AD-A: From the intelligence we have from the public as well as public service users, this is not true. There is quite a large segment of people who are interested [in risk]. And by involving them through whatever appropriate means, you are already working at the risk.
There is something interesting about explaining this to the public, getting their input, debating that with them. Then even if the risk turns out to happen, because the public has been involved they feel they had a stake in this and the risk has already diminished. And the consequences of the risk, they have already diminished as well. So the public are not only interested, they are part of the risk management.
PW: I think that is a different and more important issue. What you are talking about is process. What you are saying is correct - you mention talking to people.
Most of our staff are out every day, in communities, talking to people. But they are not interested in process. It is what the outcomes can be for that area or those people and how you get them - that is more important.
AD-A: Obviously you have to make it relevant. You have to connect processes - they are only a means to achieve an outcome. So it should not be viewed as a separate entity. And when talking to the public or public service users you have to make the process relevant to the outcome.
To give you an example, in the health sector, in our work with the Healthcare Commission, the annual healthcheck is actually perceived as more or less a complicated thing, the risk process, third-party assessment, it is a whole jungle of terminology that nobody understands.

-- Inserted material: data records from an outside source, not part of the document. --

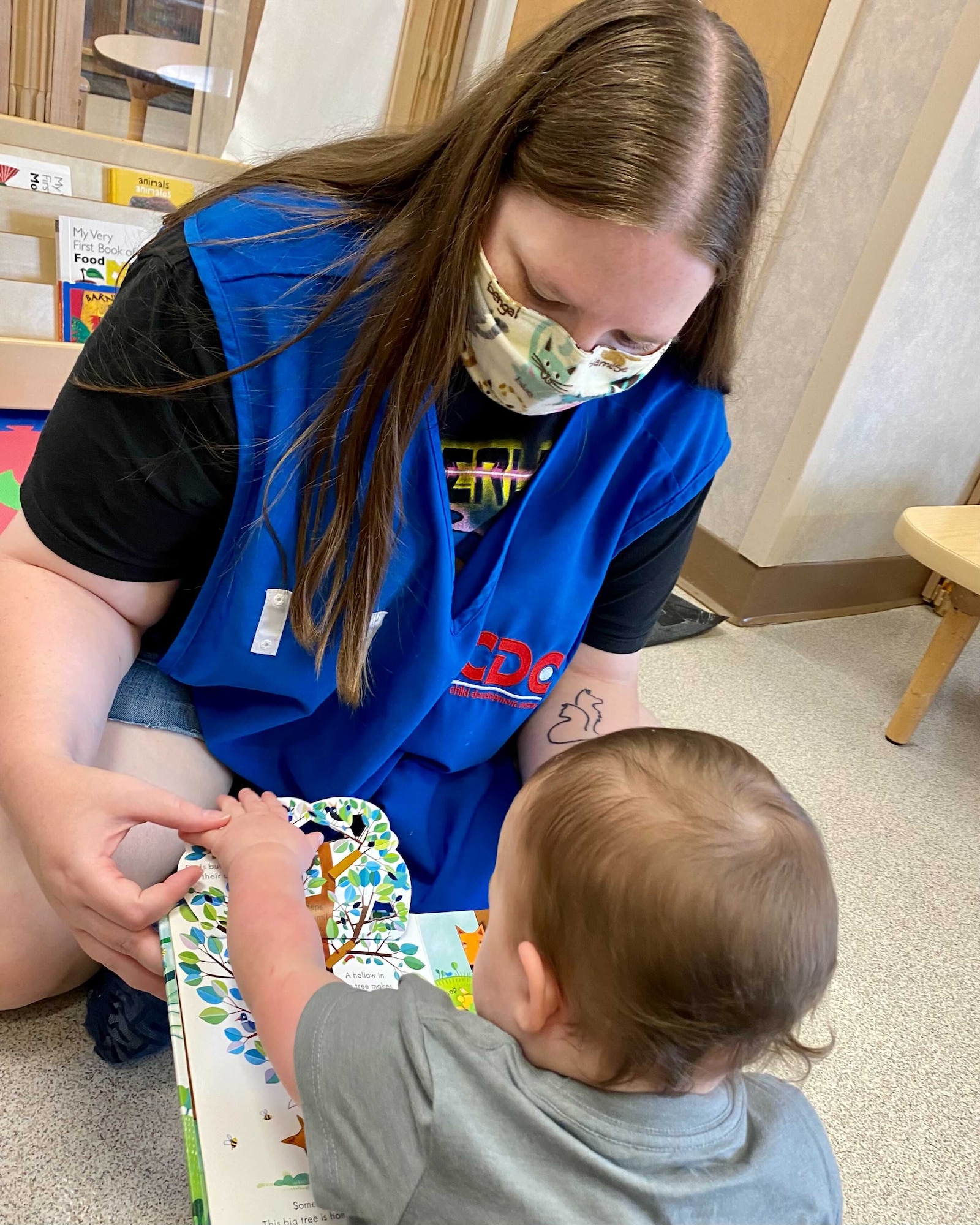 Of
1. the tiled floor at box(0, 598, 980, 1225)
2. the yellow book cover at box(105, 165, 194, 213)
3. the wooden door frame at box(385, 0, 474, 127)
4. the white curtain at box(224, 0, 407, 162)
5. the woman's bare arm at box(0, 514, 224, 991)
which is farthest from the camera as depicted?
the wooden door frame at box(385, 0, 474, 127)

But interestingly, the forums - which were made up of people who are actually very informed and interested and wanted to have that discussion about process - wanted to talk to the Healthcare Commission and to all the other stakeholders about how the process doesn't make any sense to them, how the process is not meaningful to them. And through having a dialogue about the process, it linked to the outcome and had interesting effects on the whole way the assessment process was done.

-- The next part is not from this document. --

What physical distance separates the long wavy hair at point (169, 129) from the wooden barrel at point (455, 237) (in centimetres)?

RV: Citizen engagement is a key facet of the new assessment. Roger, in terms of police operations, this is an extraordinarily high-profile issue. How do you make that work?
RB: There is an issue of us being on a journey because people do want to engage with you at particular levels. And what they do ask you for, whichever sector you work in, are usually the fairly basic things in life.
My customer, if I could talk parochially, is not that demanding. We have managed to set - not deliberately - particularly low expectations. So if you can actually get through on the telephone you are on a winner. So if you deliver a reasonable basic service they do also engage with you.
But the downside to that is the postcoding, which becomes an issue in the assessment field because people will compare and contrast.
The other thing that would give us all an idea of what a good job looks like is greater clarity about what the potential sanctions are so you can inform your customer that if we fail to do this, this is the comeback through multi-agency work.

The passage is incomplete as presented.